**THE RECORDS**
::::::
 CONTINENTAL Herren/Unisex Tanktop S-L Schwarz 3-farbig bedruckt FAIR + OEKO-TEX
::::::
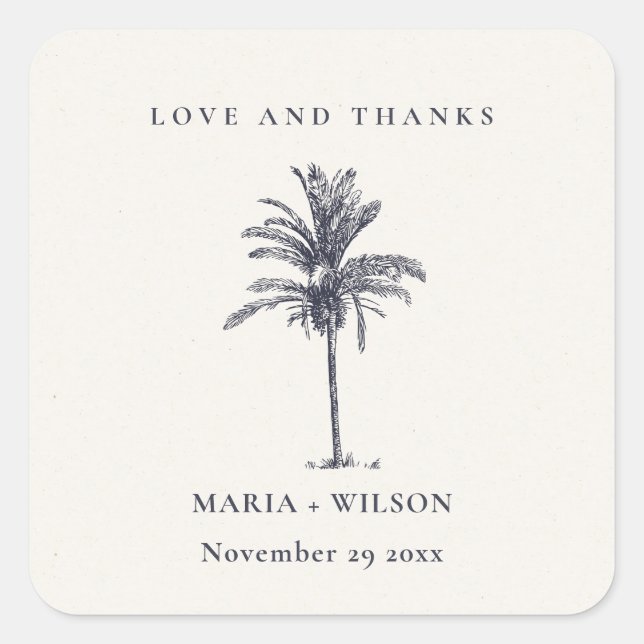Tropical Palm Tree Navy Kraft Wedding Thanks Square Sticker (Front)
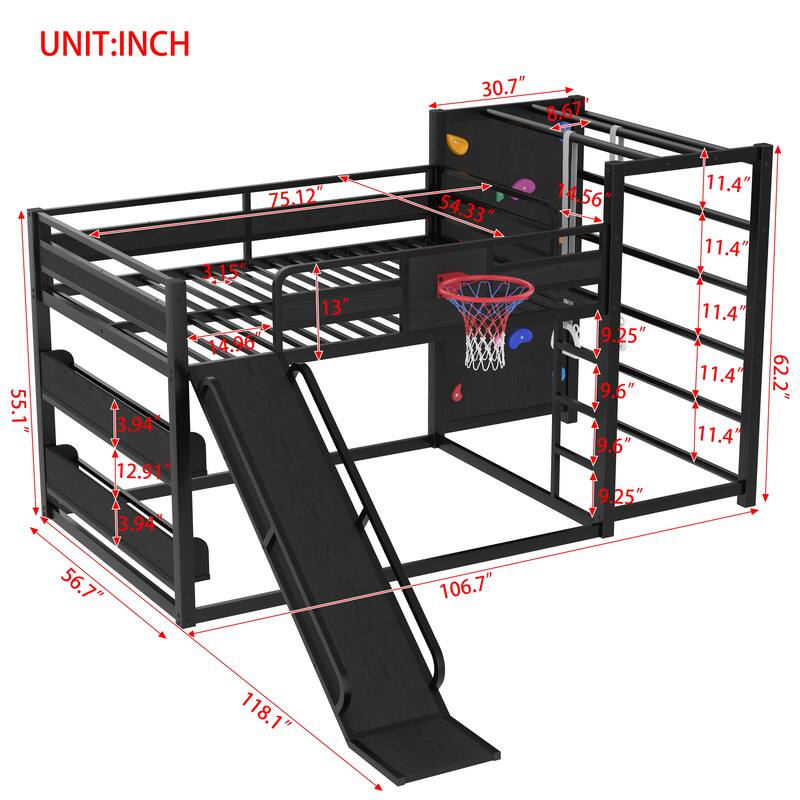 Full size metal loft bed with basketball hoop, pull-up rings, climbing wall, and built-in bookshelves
::::::
**EXERCISE AIM**
The copy should hold only the lines from the one with "Tropical Palm Tree" through the one with "Full size metal", exactly as they stand above. Leave out the pictures.

**ANSWER SECTION**
Tropical Palm Tree Navy Kraft Wedding Thanks Square Sticker (Front)
 Full size metal loft bed with basketball hoop, pull-up rings, climbing wall, and built-in bookshelves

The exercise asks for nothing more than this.